Why do unique indices exist at all in SQL?


I'm trying to understand the reason for unique indices in SQL.

A lot has been said about unique constraints vs. unique indices. In most SQL implementations there not only seems to be no practical difference whatsoever, but under the hood a unique constraint usually seems to be handled identically to a unique index.

But if

CREATE TABLE t1 (col1, col2 UNIQUE);

is similar to:

CREATE TABLE t1 (col1, col2);
CREATE UNIQUE INDEX t1_col2 ON t1 (col2);

in terms of how the UNIQUE constraint is being handled, then why do we have unique indices in the first place? They seem redundant. Yet all SQL implementations seem to have them, which means there is presumably a good reason for them to exist.

What is this reason?


Solution

  • SQL had many seeming redundancies. For instance:

    • SELECT DISTINCT can be replaced by GROUP BY.
    • COUNT(*) is equivalent to COUNT(1) and SUM(1). (In fact, COUNT() is unnecessary.)
    • CROSS JOIN is basically equivalent to , (the scoping rules are slightly different, but no one will notice).
    • CROSS JOIN is equivalent to JOIN . . . ON 1=1

    And there are many more examples.

    Standard SQL was accepted by committee. Different vendors had to agree on the standard. As with anything so designed, strange anomalies pop-up.

    I might also add that I think indexes were around before constraints, so the proper question is why unique constraints are needed.

    In the case of a unique constraint versus a unique index, the issue might be slightly different. The two are doing rather different things. A unique constraint is putting a constraint on columns in the table. A unique index is used for improving performance -- it is a variation on other types of indexes.

    In practice, a unique constraint is implemented by a unique index.
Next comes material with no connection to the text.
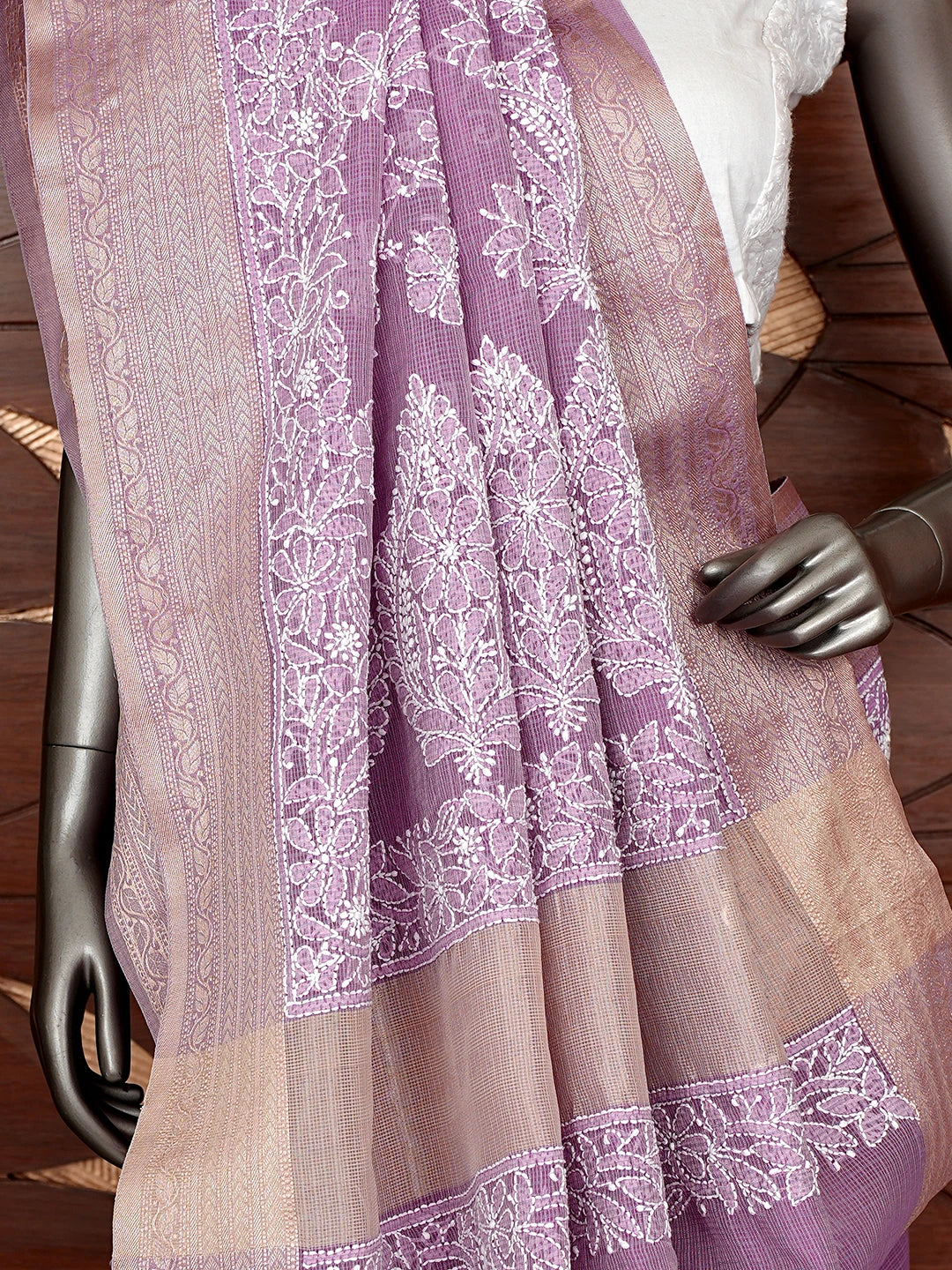 Ada Hand Embroidered Mauve Chanderi Lucknowi Chikankari Saree With Blouse 01A863328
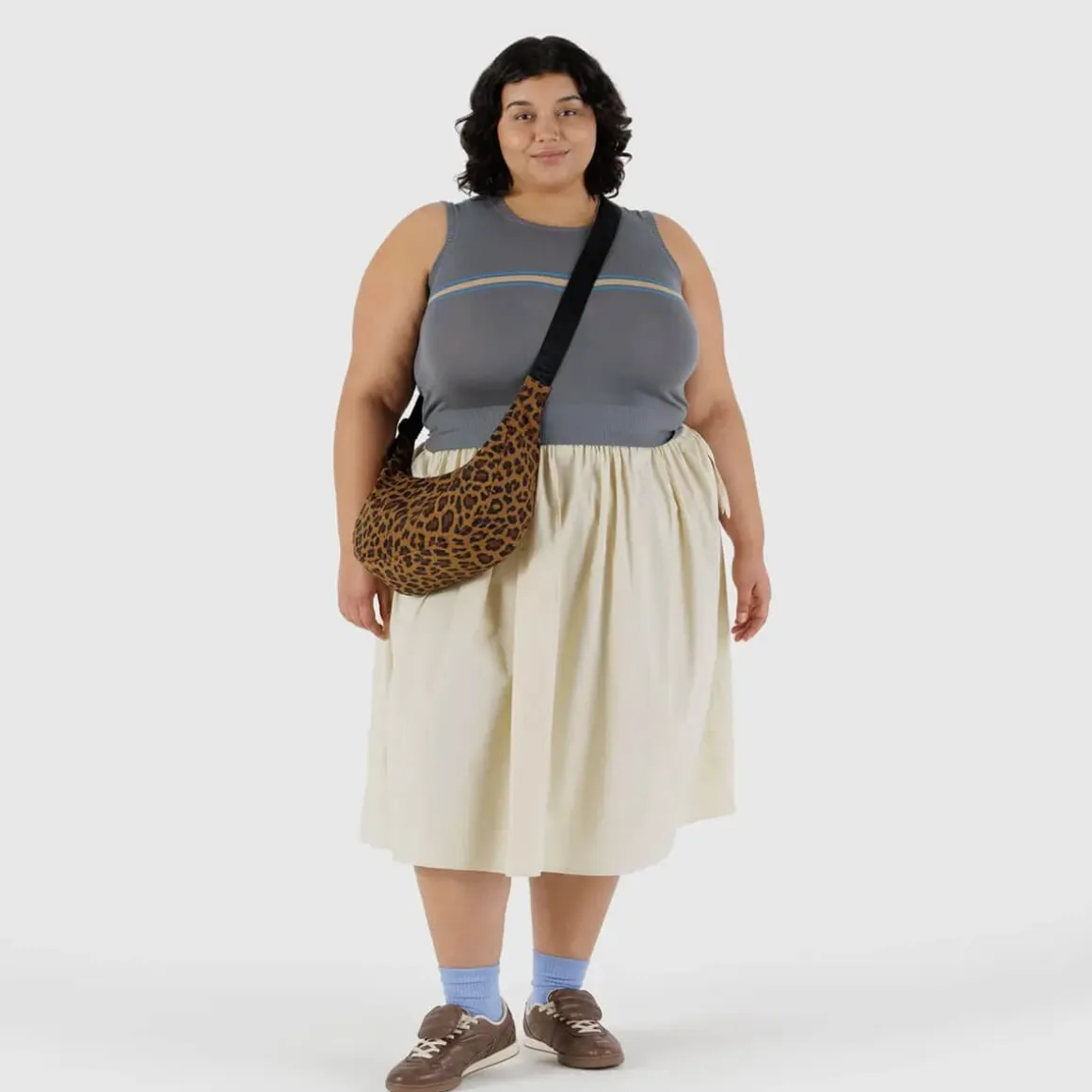 Medium Nylon Crescent Bag in Leopard by Baggu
Nothing in the standard requires that be the case, but it is the obvious solution.

    By the way, there is one difference between the two. A constraint can be given a name. This is handy because constraint violations generally use that name when an error occurs -- regardless of the type of constraint. In addition, it is also possible to list all the constraints on a table, without having to decipher particular types.